Work instruction: With the images left out, print all of the records below exactly.

Available data:
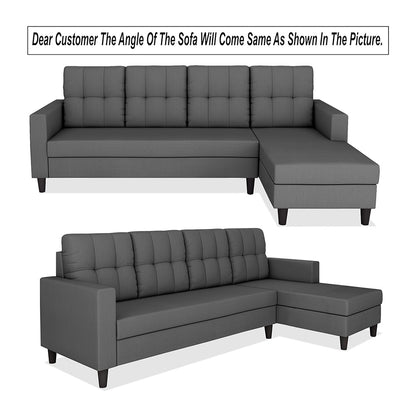 Adorn India Darcy L Shape 6 Seater Sofa Set (RHS) (Grey) (3 Year Warranty)
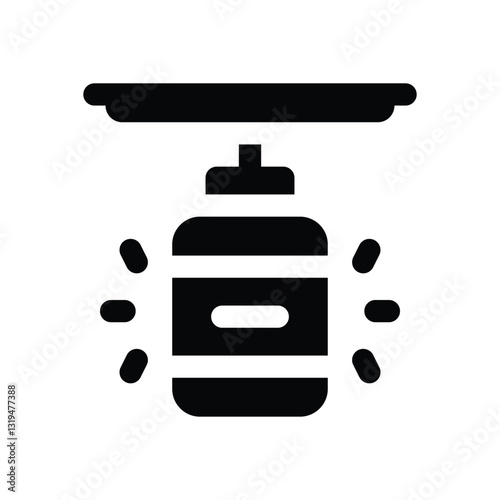 punching bag glyph icon. Strong and solid vector icon for websites, mobile interfaces, presentations, and visual branding. High quality and easy to edit.
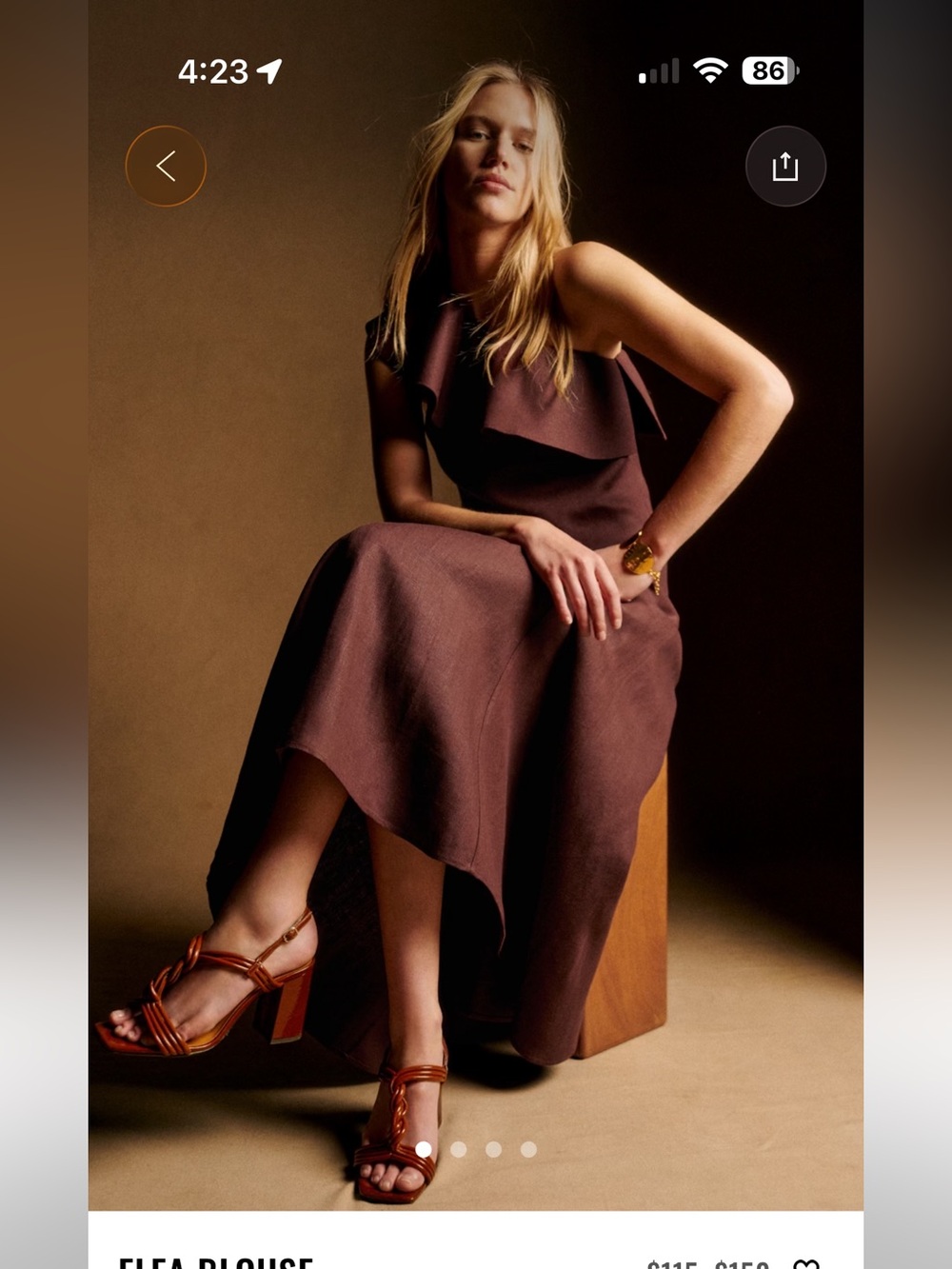 Sezane two piece Chocolate Brown Elea blouse and Soelle skirt Sz 38 EU US 6 - Picture 2 of 7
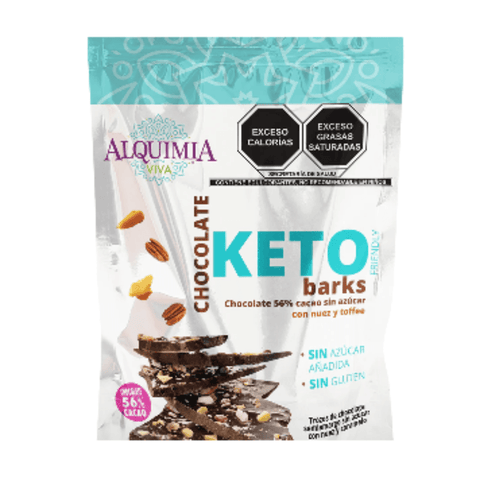 Keto Barks Chocolate 56% cacao sin azúcar (Bolsa de140g) - Santo dulce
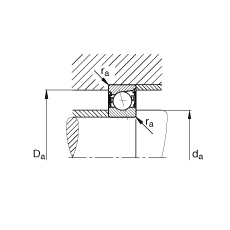 主軸軸承 B7003-C-2RSD-T-P4S, 調節，成對安裝，接觸角 α = 15°，兩側唇密封，非接觸，加嚴公差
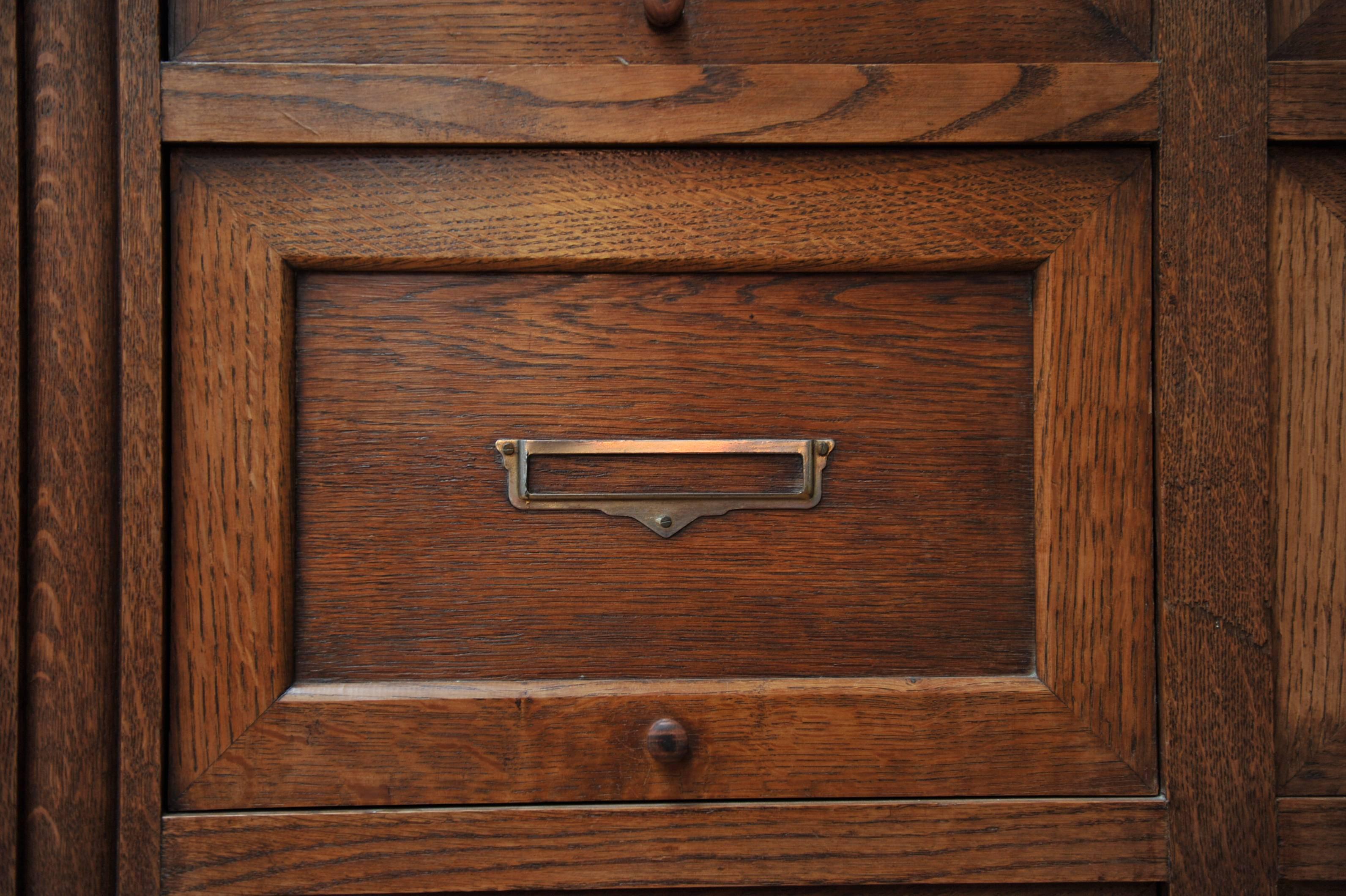 French Oak Notary Luxurious Clapet Drawer and Doors File Cabinet, circa 1900 4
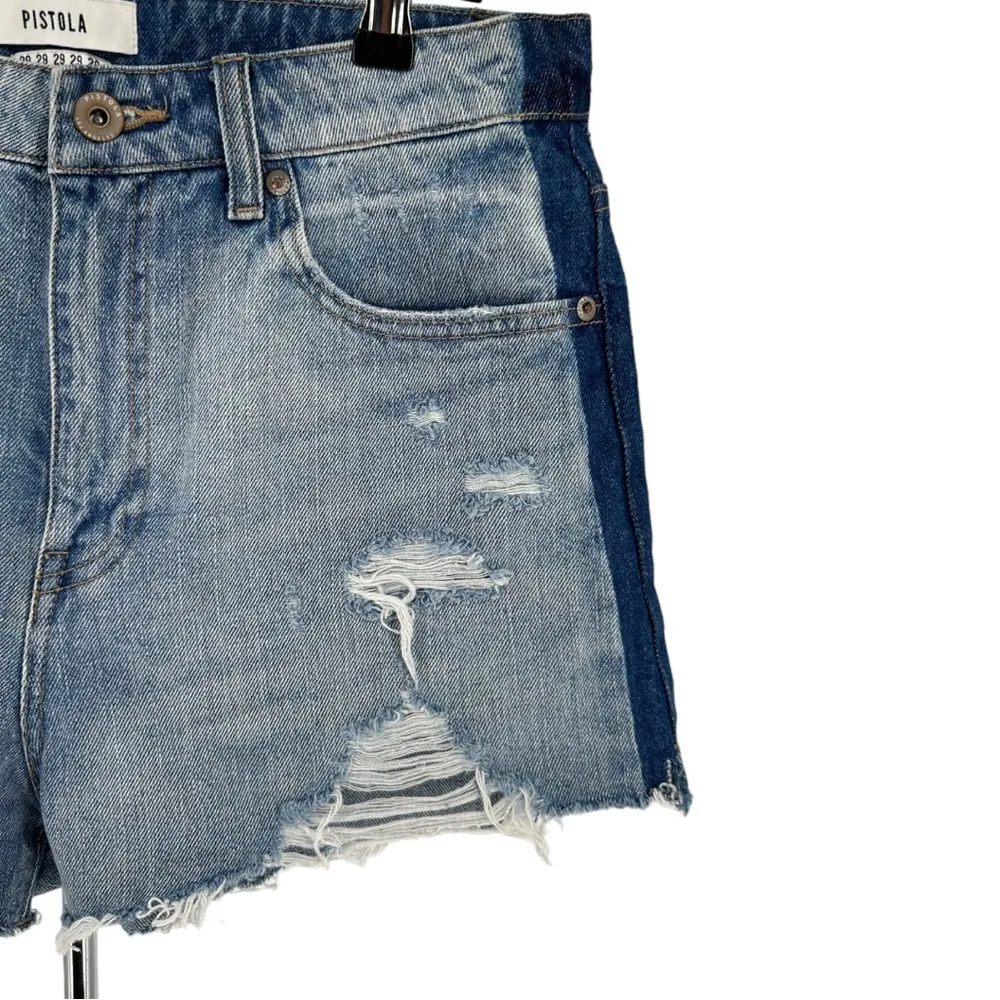Pistola Distressed Raw Hem Cutoff Shorts with Contrast Navy Side Stripe size 29 - Image 3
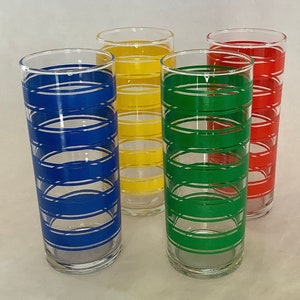 Bright Striped Collins Glass Set Vintage Libbey Glassware Four Tall Bold Colorful Flat Bottom Drinking Glasses Iced Tea / Cool Refreshment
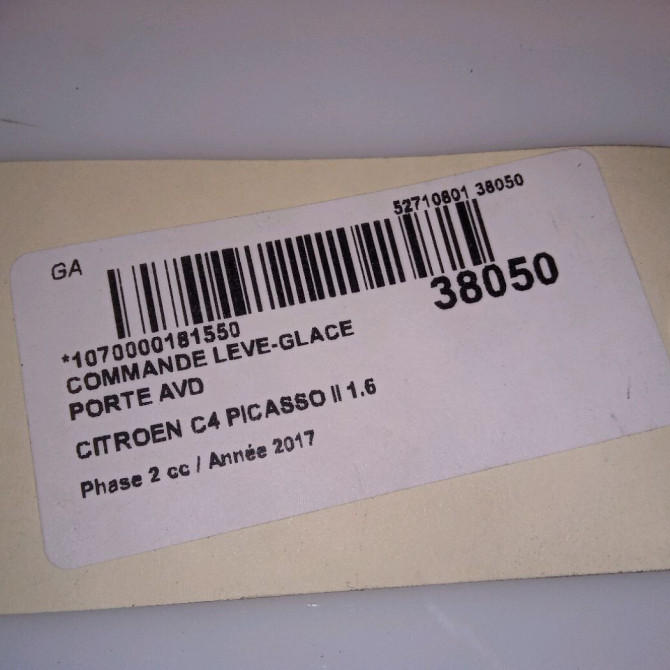 Commande lève-glace porte avant droite occasion CITROEN C4 PICASSO II Phase 2 09-2016->... 1.6 BLUEHDI 120ch 96762292ZD 4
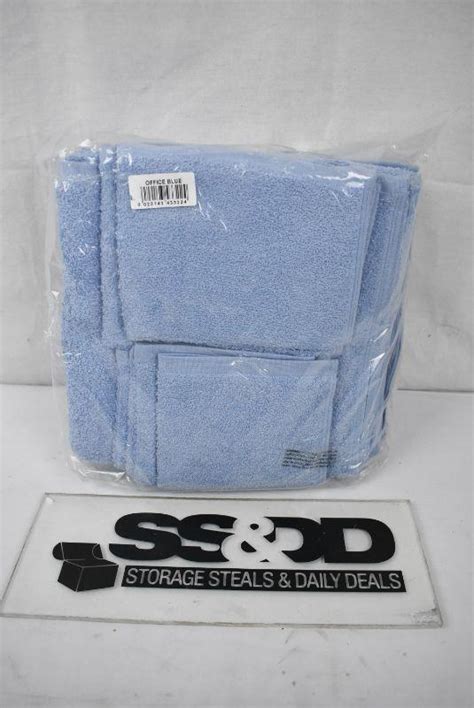 Mainstays Value Terry Cotton Bath Towel Set 10 Piece Set Office Blue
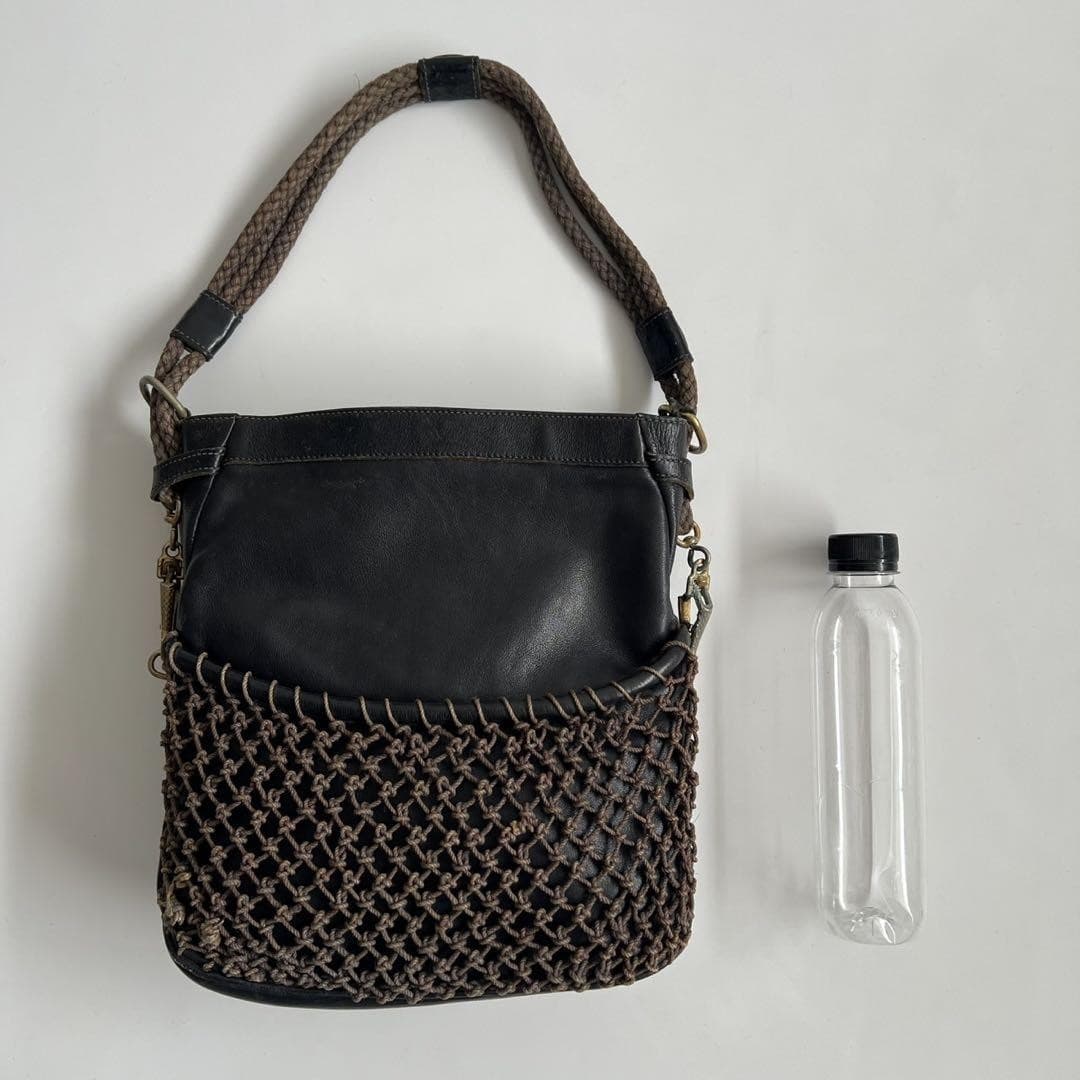 GUCCI Fish Net Shoulder Bag Leather Black Gold Hardware Vintage Logo From Japan thumbnail 19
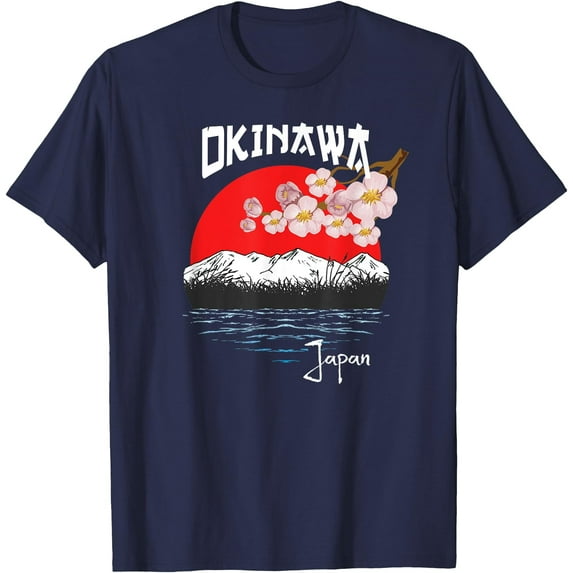 Okinawa Japan Cherry Blossom Art Gift Softstyle T-Shirt for Men Women Kids,Navy Color,Size YS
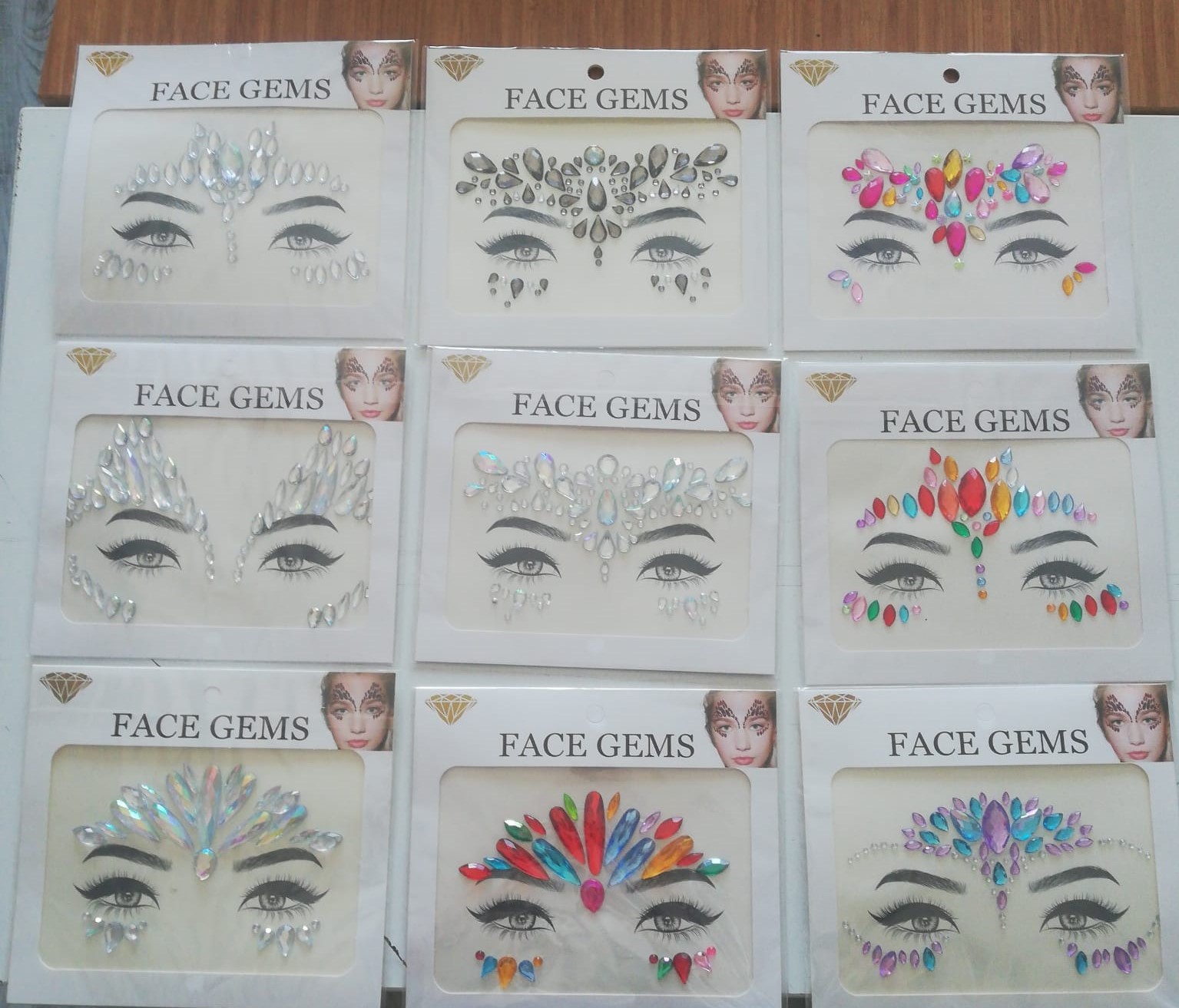 Toptan Face Gems Yüz Taşı 10 Adet Birden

Written solution:
 Adorn India Darcy L Shape 6 Seater Sofa Set (RHS) (Grey) (3 Year Warranty)
 punching bag glyph icon. Strong and solid vector icon for websites, mobile interfaces, presentations, and visual branding. High quality and easy to edit.
 Sezane two piece Chocolate Brown Elea blouse and Soelle skirt Sz 38 EU US 6 - Picture 2 of 7
 Keto Barks Chocolate 56% cacao sin azúcar (Bolsa de140g) - Santo dulce
 主軸軸承 B7003-C-2RSD-T-P4S, 調節，成對安裝，接觸角 α = 15°，兩側唇密封，非接觸，加嚴公差
 French Oak Notary Luxurious Clapet Drawer and Doors File Cabinet, circa 1900 4
Pistola Distressed Raw Hem Cutoff Shorts with Contrast Navy Side Stripe size 29 - Image 3
 Bright Striped Collins Glass Set Vintage Libbey Glassware Four Tall Bold Colorful Flat Bottom Drinking Glasses Iced Tea / Cool Refreshment
 Commande lève-glace porte avant droite occasion CITROEN C4 PICASSO II Phase 2 09-2016->... 1.6 BLUEHDI 120ch 96762292ZD 4
 Mainstays Value Terry Cotton Bath Towel Set 10 Piece Set Office Blue
 GUCCI Fish Net Shoulder Bag Leather Black Gold Hardware Vintage Logo From Japan thumbnail 19
 Okinawa Japan Cherry Blossom Art Gift Softstyle T-Shirt for Men Women Kids,Navy Color,Size YS
 Toptan Face Gems Yüz Taşı 10 Adet Birden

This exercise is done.